Short text fragments from websites
↓↓↓

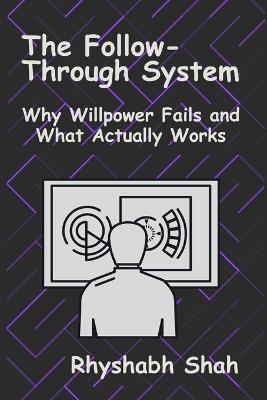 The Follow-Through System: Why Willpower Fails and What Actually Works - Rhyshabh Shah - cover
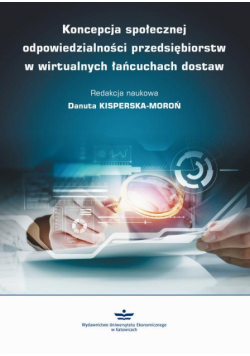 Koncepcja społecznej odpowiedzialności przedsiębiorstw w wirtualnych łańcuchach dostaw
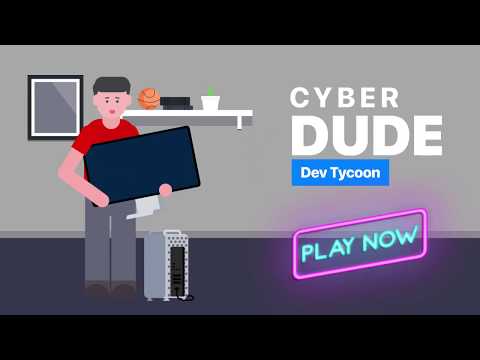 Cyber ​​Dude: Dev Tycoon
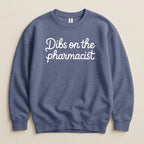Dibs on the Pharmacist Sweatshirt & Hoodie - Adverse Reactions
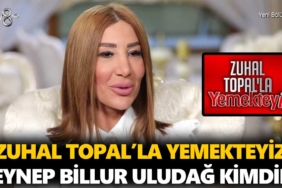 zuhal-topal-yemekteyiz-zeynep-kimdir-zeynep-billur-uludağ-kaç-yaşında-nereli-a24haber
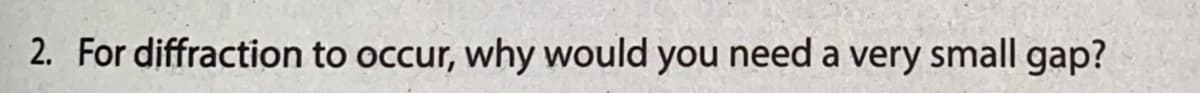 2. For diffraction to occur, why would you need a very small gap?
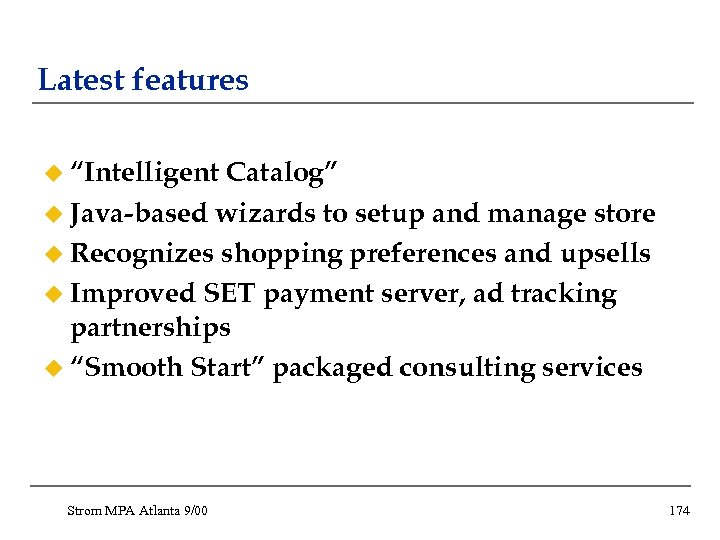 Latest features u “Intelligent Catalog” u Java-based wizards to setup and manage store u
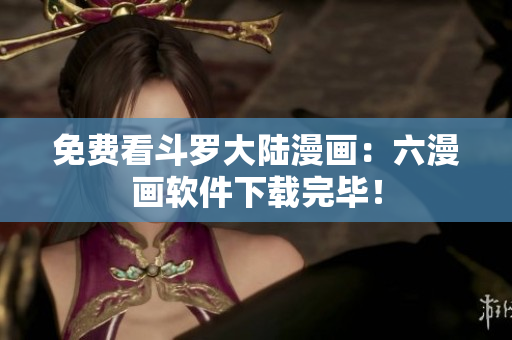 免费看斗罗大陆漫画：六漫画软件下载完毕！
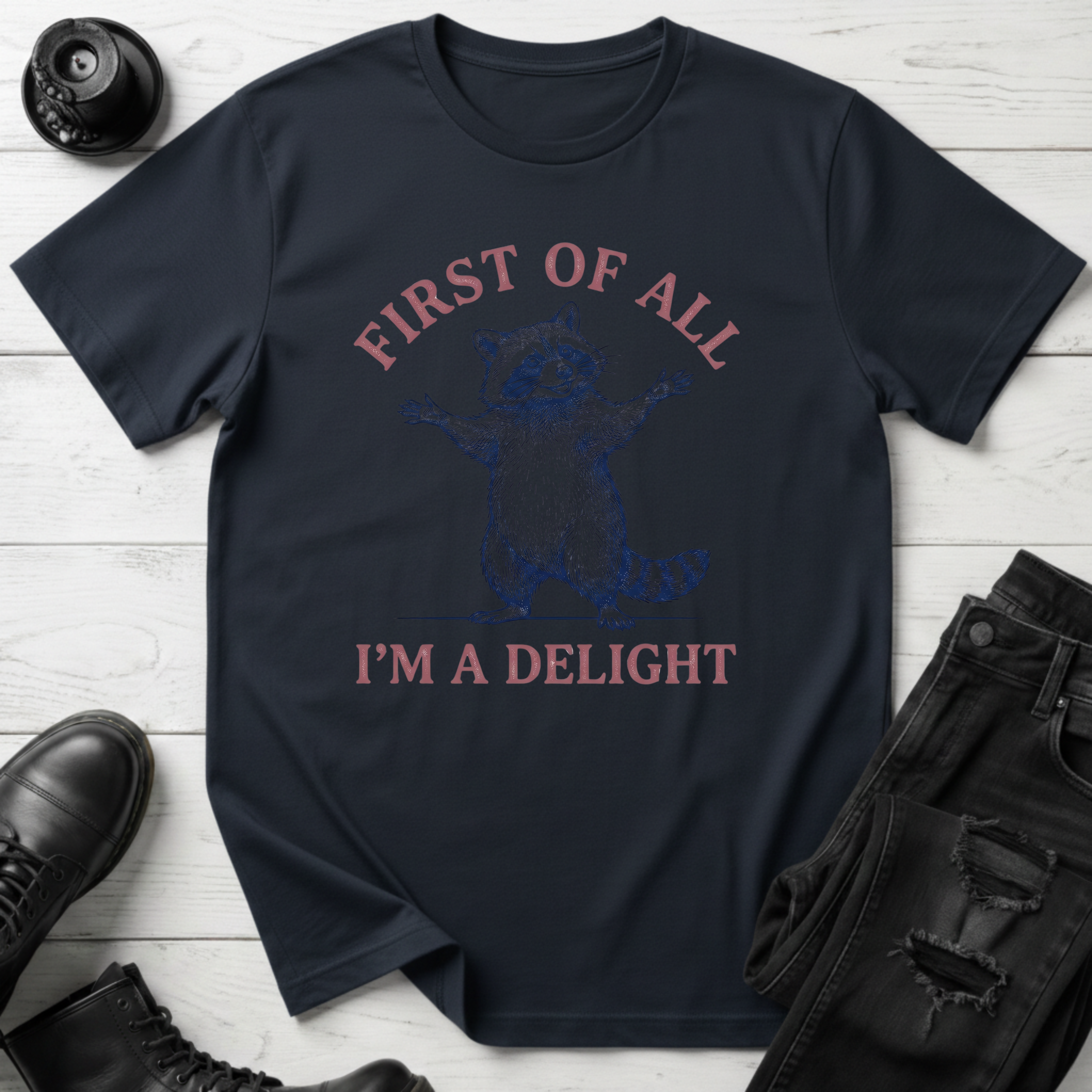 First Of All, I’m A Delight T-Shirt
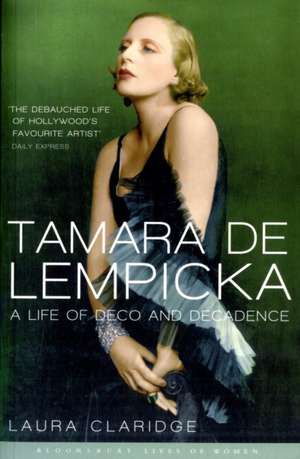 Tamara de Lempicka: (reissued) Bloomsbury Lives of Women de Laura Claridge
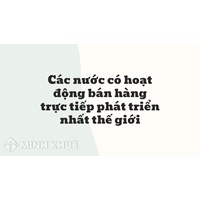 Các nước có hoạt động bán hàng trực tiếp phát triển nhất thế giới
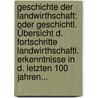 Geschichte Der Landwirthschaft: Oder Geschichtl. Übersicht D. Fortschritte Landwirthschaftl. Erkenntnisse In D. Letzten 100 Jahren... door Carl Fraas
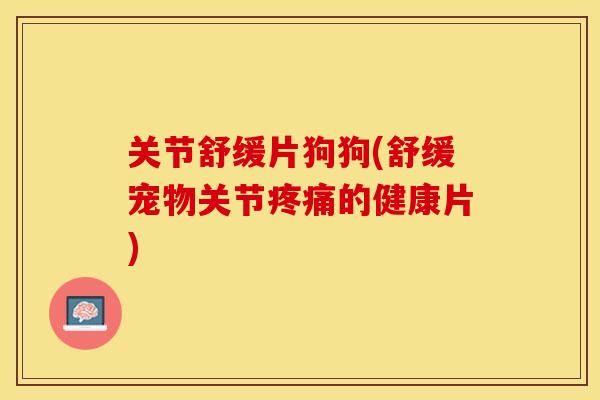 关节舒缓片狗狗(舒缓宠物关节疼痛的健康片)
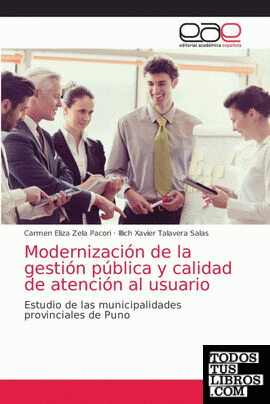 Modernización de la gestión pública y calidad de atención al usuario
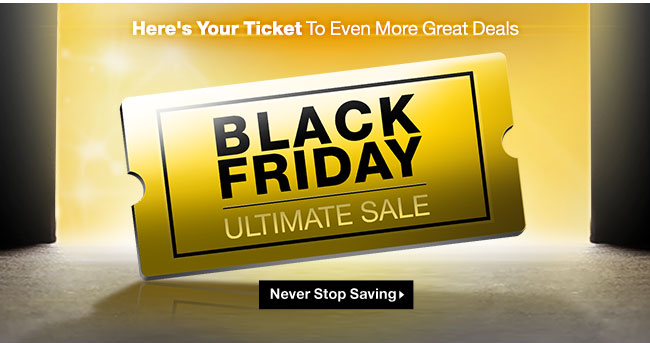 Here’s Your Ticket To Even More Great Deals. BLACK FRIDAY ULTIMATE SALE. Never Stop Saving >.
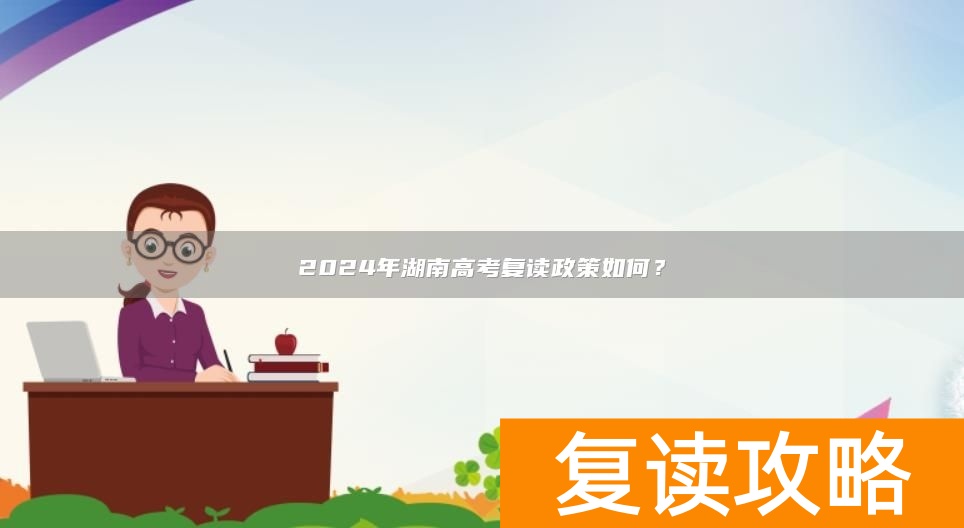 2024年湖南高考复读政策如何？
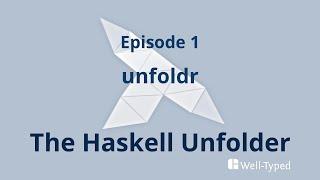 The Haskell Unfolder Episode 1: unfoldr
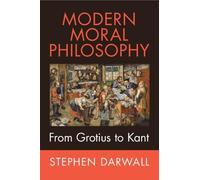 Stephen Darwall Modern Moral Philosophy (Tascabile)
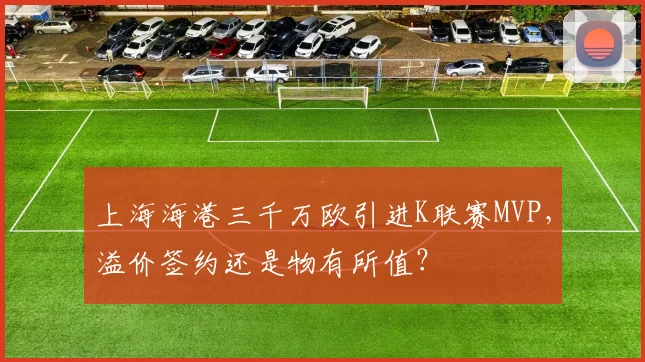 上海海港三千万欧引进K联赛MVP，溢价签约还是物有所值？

↑↑↑
↓↓↓

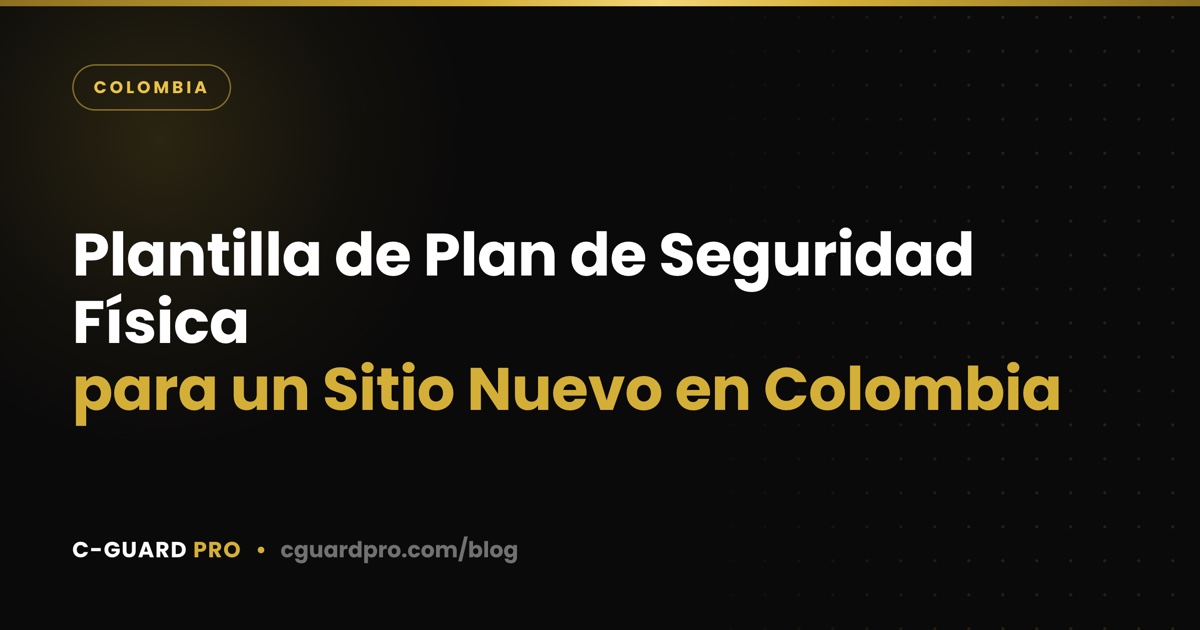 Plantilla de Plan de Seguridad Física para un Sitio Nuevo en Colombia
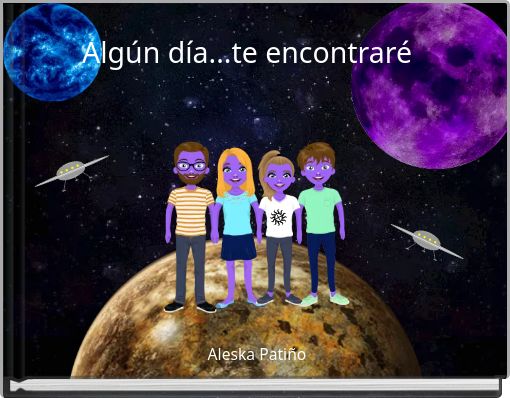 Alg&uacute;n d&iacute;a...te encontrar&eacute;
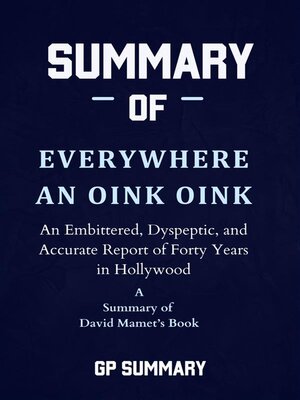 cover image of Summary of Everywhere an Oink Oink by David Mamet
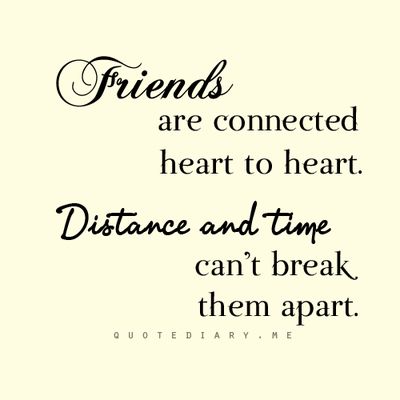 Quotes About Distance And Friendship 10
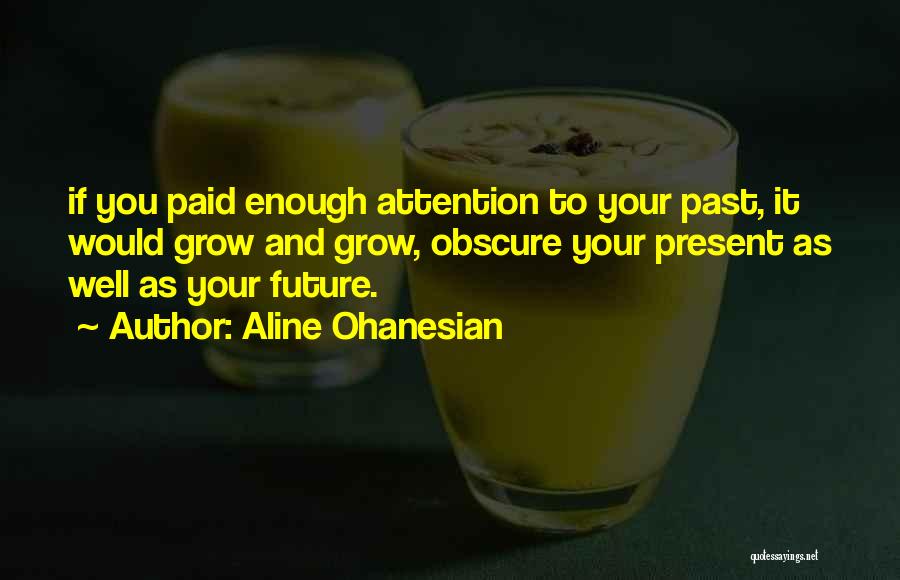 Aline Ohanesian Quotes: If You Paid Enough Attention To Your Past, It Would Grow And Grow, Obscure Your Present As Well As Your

↑↑↑

# What to work on
In the records above, find the line with "cover image of" and the line with "Aline Ohanesian Quotes: If". Write out exactly those lines and every one between, with no pictures and no other lines.

# Your response
 cover image of Summary of Everywhere an Oink Oink by David Mamet
 Quotes About Distance And Friendship 10
 Aline Ohanesian Quotes: If You Paid Enough Attention To Your Past, It Would Grow And Grow, Obscure Your Present As Well As Your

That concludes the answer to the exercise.